De algemeen gedeelde onderhoudsvisie is gebaseerd op het principe van toestandsafhankelijk onderhoud. Dit betekent dat de toestand van de opleggingen en de daaruit volgende risico´s bepalend zijn voor het plannen en uitvoeren van onderhoud. Het op tijd signaleren van wijzigingen in de omstandigheden waarin de opleggingen zijn opgesteld, is de sleutel tot het in stand houden van de kwaliteit. Indien gewijzigde omstandigheden niet vroegtijdig worden vastgesteld dan kan dit de normale (beoogde) gebruiksduur aanzienlijk verkorten.
Het vervangen van opleggingen of onderdelen ervan, zal meestal tot zeer hoge kosten leiden. Bij oudere kunstwerken is het zelfs aan te raden om vooraf een kosten-batenanalyse te verrichten. Vroeger werd bij het ontwerpen van constructies geen rekening gehouden met de mogelijkheid de opleggingen gedurende de levensduur van het kunstwerk te vervangen. Het ontbreken van voldoende ruimte op de steunpunten en ingestorte, niet demontabele fixaties kunnen dan bij het vervangen van oude opleggingen al snel resulteren in hoge kosten voor bijzondere voorzieningen.

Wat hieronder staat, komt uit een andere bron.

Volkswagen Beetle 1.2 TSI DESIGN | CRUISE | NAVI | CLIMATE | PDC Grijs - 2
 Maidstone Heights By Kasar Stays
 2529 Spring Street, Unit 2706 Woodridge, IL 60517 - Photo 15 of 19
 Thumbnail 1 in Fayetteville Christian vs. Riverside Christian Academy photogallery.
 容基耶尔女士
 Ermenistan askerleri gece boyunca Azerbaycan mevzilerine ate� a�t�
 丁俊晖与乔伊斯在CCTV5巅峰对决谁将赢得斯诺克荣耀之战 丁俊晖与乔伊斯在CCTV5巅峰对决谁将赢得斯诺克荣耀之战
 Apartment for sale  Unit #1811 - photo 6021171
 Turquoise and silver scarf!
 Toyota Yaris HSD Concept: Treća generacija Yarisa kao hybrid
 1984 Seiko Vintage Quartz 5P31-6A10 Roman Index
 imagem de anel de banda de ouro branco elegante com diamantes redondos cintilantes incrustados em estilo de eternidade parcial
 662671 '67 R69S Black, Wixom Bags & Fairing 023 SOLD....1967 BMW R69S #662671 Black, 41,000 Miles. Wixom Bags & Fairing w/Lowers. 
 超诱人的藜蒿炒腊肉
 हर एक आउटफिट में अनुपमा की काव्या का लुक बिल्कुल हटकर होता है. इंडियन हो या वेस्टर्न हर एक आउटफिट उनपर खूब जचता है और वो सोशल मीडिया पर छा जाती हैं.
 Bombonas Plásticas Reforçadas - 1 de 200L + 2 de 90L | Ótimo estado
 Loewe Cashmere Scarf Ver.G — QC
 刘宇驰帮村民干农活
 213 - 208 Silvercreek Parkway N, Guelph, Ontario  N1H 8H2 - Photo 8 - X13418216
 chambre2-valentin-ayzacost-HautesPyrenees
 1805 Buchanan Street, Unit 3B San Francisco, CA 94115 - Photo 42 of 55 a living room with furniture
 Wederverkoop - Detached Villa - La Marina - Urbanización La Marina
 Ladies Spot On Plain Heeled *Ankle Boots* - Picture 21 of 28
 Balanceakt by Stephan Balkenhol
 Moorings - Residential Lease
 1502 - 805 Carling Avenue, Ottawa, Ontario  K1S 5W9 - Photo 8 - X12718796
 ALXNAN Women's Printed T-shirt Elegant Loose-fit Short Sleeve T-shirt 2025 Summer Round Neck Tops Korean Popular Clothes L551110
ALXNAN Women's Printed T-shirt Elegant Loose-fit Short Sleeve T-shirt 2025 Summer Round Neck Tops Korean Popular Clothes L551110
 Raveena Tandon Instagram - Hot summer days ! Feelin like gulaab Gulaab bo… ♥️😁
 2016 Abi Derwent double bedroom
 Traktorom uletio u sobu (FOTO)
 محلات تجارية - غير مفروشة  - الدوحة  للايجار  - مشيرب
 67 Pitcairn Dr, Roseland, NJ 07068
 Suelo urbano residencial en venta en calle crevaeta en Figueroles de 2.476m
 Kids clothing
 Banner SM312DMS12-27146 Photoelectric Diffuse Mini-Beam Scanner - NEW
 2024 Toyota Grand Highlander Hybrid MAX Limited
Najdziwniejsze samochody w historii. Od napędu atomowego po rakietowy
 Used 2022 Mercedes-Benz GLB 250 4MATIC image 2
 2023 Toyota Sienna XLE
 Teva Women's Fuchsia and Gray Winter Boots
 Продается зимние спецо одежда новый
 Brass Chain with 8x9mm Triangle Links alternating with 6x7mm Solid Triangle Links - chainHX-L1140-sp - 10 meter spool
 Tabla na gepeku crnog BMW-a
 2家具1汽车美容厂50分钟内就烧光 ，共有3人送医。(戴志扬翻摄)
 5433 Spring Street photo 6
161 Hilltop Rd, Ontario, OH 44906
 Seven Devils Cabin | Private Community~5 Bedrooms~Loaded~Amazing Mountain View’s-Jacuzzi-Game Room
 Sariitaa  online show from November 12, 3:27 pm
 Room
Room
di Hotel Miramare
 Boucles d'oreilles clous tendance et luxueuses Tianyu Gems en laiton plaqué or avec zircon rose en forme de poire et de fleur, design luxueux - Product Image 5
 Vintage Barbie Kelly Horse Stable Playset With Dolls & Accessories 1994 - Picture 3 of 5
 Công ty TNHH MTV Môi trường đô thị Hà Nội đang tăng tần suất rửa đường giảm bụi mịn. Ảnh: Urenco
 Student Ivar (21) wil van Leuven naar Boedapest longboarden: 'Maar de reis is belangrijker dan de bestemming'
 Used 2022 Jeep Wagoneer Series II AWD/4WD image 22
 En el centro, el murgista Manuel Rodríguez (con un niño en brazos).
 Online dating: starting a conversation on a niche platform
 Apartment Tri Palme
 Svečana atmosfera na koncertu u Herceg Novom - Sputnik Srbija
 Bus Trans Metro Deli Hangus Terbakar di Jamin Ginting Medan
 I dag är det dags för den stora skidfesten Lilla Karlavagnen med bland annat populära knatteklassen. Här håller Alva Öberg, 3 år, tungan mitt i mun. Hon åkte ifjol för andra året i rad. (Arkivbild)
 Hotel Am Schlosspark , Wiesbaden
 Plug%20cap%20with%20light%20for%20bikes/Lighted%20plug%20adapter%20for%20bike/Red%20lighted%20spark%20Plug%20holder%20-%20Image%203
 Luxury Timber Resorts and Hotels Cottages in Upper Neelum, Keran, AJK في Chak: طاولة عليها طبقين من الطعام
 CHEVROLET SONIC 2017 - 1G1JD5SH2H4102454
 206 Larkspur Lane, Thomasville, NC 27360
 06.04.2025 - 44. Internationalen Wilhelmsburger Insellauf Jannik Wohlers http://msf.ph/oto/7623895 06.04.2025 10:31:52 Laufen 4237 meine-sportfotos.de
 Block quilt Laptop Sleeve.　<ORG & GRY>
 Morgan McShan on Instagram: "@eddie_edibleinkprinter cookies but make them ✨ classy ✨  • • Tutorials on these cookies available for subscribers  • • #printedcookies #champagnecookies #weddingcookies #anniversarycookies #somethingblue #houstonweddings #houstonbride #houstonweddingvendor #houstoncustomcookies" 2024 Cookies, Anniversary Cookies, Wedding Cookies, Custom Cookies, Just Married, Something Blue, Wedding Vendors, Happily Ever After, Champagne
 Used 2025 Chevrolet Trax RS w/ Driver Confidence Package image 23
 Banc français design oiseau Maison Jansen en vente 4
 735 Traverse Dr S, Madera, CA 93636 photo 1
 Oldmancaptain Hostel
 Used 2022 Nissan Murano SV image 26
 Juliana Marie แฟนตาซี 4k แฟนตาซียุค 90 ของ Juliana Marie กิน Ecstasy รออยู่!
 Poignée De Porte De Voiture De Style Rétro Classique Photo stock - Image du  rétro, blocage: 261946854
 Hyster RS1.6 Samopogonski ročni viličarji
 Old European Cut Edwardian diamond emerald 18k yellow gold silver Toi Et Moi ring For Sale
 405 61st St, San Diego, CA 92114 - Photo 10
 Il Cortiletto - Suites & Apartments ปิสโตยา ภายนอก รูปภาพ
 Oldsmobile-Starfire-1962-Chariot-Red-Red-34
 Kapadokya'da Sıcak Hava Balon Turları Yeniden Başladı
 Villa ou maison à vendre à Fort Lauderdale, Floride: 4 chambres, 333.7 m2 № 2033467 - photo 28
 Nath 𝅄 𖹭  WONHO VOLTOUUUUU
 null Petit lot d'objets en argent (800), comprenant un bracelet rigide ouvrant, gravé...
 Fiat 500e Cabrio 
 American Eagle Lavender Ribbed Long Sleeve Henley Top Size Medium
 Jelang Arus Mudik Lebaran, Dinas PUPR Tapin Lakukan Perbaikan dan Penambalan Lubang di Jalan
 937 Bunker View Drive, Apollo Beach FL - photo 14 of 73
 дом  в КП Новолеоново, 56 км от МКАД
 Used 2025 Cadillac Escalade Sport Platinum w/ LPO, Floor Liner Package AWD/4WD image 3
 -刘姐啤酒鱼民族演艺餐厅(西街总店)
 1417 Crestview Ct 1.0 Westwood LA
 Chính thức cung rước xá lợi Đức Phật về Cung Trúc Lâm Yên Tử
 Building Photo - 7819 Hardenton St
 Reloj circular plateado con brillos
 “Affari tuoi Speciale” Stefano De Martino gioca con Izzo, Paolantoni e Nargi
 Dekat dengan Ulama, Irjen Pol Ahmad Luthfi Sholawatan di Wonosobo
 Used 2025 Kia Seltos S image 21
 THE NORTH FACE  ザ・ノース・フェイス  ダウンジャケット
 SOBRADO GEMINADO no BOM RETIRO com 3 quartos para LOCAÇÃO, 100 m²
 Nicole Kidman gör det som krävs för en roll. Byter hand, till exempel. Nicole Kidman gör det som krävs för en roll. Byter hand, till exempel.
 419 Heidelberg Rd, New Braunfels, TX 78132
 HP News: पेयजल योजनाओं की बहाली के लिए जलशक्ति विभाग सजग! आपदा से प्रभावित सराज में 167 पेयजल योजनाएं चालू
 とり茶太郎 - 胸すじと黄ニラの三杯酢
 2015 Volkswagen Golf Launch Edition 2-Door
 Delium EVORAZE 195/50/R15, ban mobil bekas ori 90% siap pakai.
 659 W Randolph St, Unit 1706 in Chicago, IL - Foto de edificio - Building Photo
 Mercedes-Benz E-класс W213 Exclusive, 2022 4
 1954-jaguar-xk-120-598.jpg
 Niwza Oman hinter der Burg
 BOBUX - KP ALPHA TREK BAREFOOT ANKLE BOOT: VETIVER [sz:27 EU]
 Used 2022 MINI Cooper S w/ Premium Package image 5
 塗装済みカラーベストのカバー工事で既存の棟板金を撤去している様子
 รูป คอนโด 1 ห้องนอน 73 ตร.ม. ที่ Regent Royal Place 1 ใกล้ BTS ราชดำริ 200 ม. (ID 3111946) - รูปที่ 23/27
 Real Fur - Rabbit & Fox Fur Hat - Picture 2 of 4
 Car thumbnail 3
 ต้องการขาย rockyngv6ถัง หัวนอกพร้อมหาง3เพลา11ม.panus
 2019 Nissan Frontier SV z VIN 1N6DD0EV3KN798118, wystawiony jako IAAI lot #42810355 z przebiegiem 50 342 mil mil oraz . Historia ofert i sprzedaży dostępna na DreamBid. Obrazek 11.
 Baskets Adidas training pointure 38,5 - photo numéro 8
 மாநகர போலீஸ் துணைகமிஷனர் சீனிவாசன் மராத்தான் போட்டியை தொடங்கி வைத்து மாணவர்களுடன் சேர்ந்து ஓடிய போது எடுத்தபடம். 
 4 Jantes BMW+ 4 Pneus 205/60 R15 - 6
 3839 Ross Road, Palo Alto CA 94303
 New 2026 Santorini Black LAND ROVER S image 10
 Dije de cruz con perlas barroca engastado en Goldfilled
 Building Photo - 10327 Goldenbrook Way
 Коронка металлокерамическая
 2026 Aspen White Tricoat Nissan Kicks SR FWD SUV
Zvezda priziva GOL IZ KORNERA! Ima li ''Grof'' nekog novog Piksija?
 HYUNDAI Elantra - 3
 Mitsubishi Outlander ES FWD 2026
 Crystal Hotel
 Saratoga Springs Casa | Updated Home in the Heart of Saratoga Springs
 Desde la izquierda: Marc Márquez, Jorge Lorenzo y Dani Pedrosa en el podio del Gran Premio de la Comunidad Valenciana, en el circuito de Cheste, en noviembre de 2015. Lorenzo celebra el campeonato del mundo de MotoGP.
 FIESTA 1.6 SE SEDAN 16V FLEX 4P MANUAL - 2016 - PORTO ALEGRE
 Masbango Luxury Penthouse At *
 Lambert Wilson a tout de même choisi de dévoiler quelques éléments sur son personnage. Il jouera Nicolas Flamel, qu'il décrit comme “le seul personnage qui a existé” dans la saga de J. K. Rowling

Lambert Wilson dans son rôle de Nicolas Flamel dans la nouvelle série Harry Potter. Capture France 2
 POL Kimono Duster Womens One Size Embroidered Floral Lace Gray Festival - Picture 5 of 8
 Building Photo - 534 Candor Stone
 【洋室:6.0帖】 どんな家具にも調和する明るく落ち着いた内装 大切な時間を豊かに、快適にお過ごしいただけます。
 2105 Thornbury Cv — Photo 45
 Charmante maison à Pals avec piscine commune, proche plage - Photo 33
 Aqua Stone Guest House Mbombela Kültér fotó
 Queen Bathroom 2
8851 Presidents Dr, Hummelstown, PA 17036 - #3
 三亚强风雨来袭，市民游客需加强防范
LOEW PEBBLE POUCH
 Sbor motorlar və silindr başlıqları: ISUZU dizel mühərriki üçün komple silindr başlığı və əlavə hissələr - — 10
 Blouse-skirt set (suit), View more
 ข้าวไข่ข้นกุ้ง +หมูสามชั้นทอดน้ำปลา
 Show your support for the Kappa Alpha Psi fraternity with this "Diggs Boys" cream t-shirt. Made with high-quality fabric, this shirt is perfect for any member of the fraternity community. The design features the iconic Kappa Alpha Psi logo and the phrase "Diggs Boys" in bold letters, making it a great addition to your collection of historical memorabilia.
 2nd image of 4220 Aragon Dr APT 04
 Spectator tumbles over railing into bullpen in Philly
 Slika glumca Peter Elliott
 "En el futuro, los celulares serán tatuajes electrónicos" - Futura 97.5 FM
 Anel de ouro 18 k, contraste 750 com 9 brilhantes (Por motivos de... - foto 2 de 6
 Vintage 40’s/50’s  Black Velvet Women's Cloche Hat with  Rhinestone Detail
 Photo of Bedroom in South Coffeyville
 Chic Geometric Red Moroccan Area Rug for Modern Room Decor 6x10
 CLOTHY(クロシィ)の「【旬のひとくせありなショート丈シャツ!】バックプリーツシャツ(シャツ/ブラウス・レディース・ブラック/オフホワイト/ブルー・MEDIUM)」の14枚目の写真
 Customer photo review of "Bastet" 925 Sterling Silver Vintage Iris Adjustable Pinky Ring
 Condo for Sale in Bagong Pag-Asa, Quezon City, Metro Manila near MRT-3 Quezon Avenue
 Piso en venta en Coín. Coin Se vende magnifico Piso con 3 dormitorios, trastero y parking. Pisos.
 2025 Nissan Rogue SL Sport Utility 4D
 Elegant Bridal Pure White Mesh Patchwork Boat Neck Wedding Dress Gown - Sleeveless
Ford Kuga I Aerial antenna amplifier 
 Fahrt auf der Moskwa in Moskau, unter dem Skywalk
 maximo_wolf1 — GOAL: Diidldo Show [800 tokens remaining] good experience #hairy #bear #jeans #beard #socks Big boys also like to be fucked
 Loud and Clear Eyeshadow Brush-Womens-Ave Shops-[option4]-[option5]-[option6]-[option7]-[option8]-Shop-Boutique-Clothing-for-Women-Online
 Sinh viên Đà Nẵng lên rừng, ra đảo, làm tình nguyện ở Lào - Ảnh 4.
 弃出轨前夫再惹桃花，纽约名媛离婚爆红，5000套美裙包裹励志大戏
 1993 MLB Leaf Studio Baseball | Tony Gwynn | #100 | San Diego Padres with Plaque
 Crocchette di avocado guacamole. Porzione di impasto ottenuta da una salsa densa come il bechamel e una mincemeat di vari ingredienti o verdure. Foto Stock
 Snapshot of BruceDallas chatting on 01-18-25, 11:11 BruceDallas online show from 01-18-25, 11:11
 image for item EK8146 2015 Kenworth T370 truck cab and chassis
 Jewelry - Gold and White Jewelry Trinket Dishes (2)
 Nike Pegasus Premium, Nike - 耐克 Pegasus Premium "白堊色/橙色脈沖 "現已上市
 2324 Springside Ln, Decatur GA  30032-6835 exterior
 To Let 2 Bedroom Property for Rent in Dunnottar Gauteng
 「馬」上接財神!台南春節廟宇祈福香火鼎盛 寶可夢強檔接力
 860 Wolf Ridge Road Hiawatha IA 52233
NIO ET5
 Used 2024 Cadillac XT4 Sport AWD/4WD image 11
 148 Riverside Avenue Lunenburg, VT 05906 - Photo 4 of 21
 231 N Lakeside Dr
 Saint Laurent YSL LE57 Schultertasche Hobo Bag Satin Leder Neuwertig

Algemeen gesteld hebben opleggingen twee aandachtsgebieden als het gaat om gewijzigde omstandigheden, namelijk:
- De conditie van de conservering en de kwaliteit van afdichtingen en glijdelementen, welke aanleiding geeft tot versnelde slijtage;
- Wijzigingen in de belastingen, alsook daaruit voortvloeiende vervormingen.
Dit houdt in dat het volgende belangrijk is voor de onderhoudsstrategie:
- Actiever onderhoud plegen aan de directe omgeving van opleggingen waar glijdelementen een essentieel onderdeel van zijn.
- Het bewaken van vervormingen t.g.v. (gewijzigde) belastingen en het corrigeren van de daarvoor vereiste instellingen.
Ten aanzien van het beheer worden de volgende aanbevelingen gedaan:
- Gezien het belang van het blijvend goed functioneren van opleggingen is het noodzakelijk dat er vanuit het beheer voldoende capaciteit en middelen wordt gereserveerd. De onderhoudsbehoefte kan middels een gerichte technische inspectie worden vastgesteld met een daaruit volgend benodigd budget. Het dan beschikbare budget kan door goede en eenduidige afspraken worden bewaakt op wie doet wat aan welke oplegging.
Door het op verantwoorde wijze monitoren van de opleggingen kan men de noodzakelijke middelen evenwichtig benutten. Het blijkt in de praktijk dat als men er niet op bedacht is om een minimaal onderhoud te verrichten, de vervolgkosten een veelvoud daarvan zijn.